In 2009, a court citing cruel and unusual punishment under the Eighth Amendment ordered the state of California to release 27% of its incarcerated population. Overcrowding was proving to foster more violence and unmanageable strain on prison health systems. Progress has since been made within California, but nationwide the problem remains. With half of the country’s inmates currently serving in federal prisons for non-violent drug crimes, and many of them sharing close quarters with violent convicts, mandatory minimums are an obvious culprit.
But there’s still another stakeholder in the system:
1 Dirt Cheap Labour
These aren't chain gangs we're talking about. This is the 21st century: This is Starbucks, Costco. This is Victoria’s Secret.
Penal labour is inscribed in the US constitution, but long gone are the heydays of ditch-diggers baking in the Florida sun (well, sort of). Since the 80s, both private and public prisons have been contracting convict labour to literally the biggest companies in the world: If you bought Starbucks holiday coffee in 2001, there’s a fair chance it was packaged by someone doing time in Washington. If you bought a new Microsoft PC in the late 90s, you might’ve torn through some inmate’s shrink-wrap job. If you wore Victoria’s Secret lingerie in the 90s, 35 female South Carolina prisoners could be to thank for their needlework.

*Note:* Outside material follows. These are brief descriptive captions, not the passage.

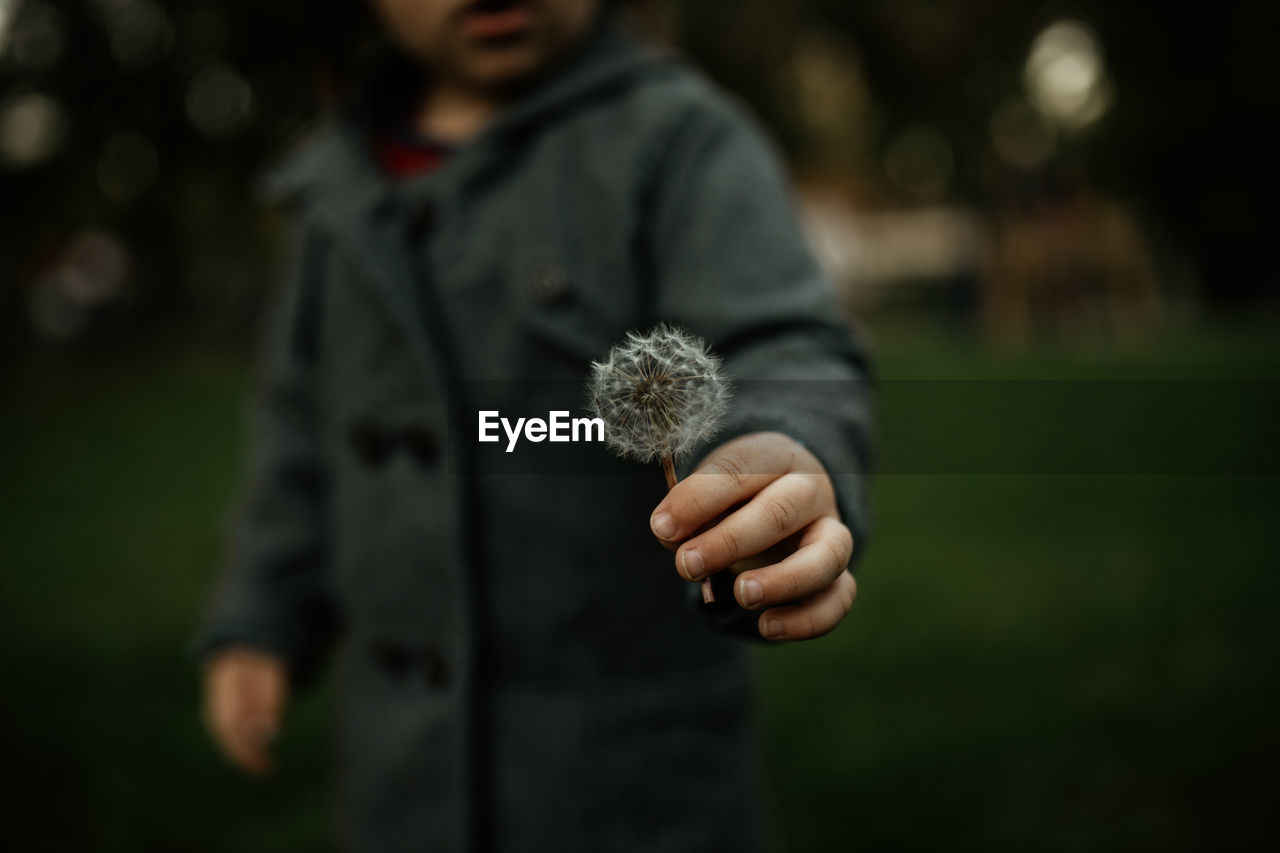 Child holding a dandelion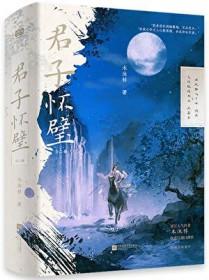 君子怀璧TXT百度
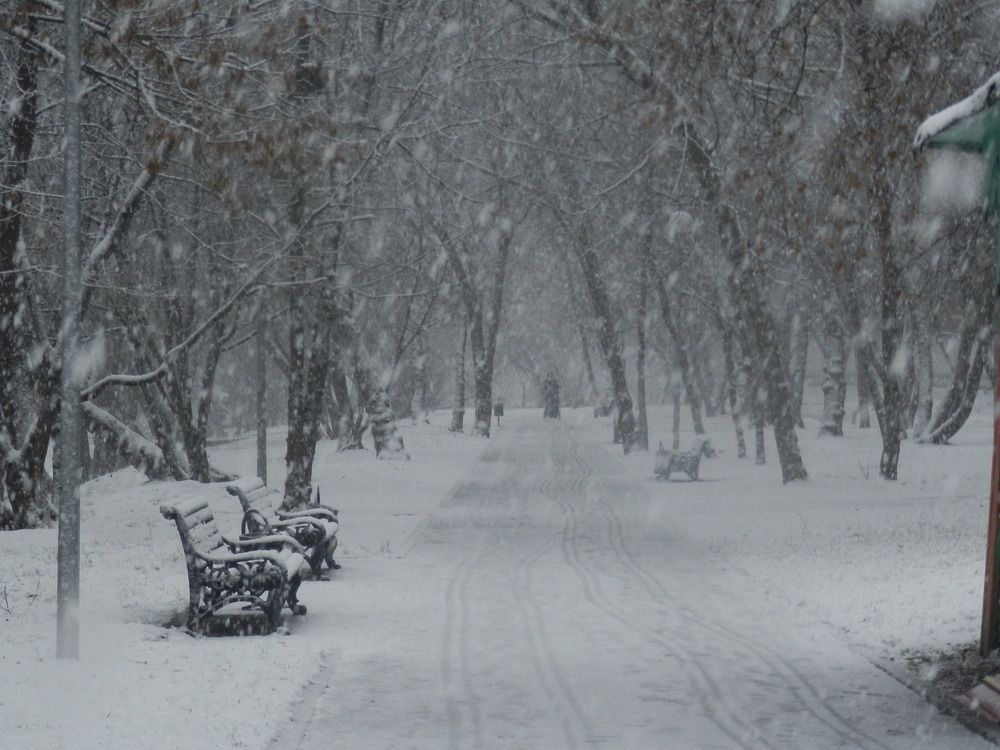 Photograph by Наталия Калюкина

From Boeing to Wal-Mart to Mcdonald’s, prison labour is a highly attractive cost-cutting option for big corporations in America. The reason why is obvious: Companies get away with paying fractions of minimum wage for what could be factory-like production, and it all slips into the silence of 'punishment'. According to the ILO, the country’s prison wages were as low as 23 cents an hour in the last decade. Sometimes companies strike deals with the prisons to pay out no wages at all, instead letting inmates work time off their sentences.

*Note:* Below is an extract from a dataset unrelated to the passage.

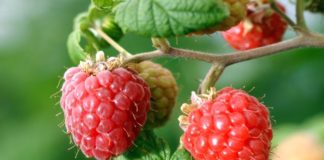 Когда лучше обрезать побеги малины — весной или осенью?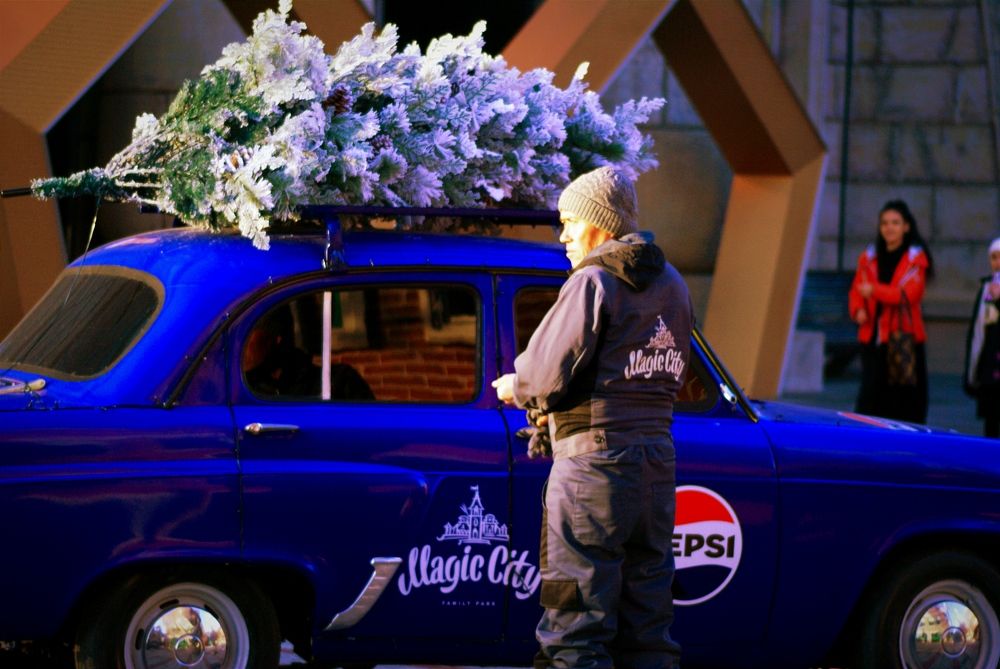 Photograph by Владимир Ким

Taken alone, an actual low-or-no wage job might not be the worst gig for, say, a “career criminal”. But throw cost-cutting and lack of oversight into the mix, and suddenly you might be tempted to call it something else. In 2012, a Walmart supplier came under fire for providing insufficient provisions (little water, no sunscreen) to convicts for their backbreaking physical labour. In 2011, an old Californian airbase caught flack for making prisoners reassemble the dust-coated remains of post-combat tanks and military vehicles containing uranium and cadmium. In Florida, women prisoners recently condemned a UNICOR computer recycling operation for forcing them into contact with lead, mercury and arsenic dust without protective gear. The list goes on.
Most of us would agree: Putting convicts to work is by no means a bad thing, but giving companies the ability to cut corners and subvert all kinds of regulatory structures behind the rickety oversight of the prison labour system sure is. In one stand-out case from 1997, two prisoners in California spent over 45 days in solitary confinement for telling journalists they were forced to replace “Made in Honduras” with “Made in the U.S.A.” stickers on clothes for a Tshirt company. If employers hold all the cards and the prisons oversee it, how many cases of unfair labour treatment haven't come to light at all?
A prison sentence is a terrible mark on anyone's life. At base, it means you automatically forfeit some basic rights. Then there's those who think convicted felons deserve even less. That powerful corporations might be willing to exploit that sentiment; that's a disturbing prospect.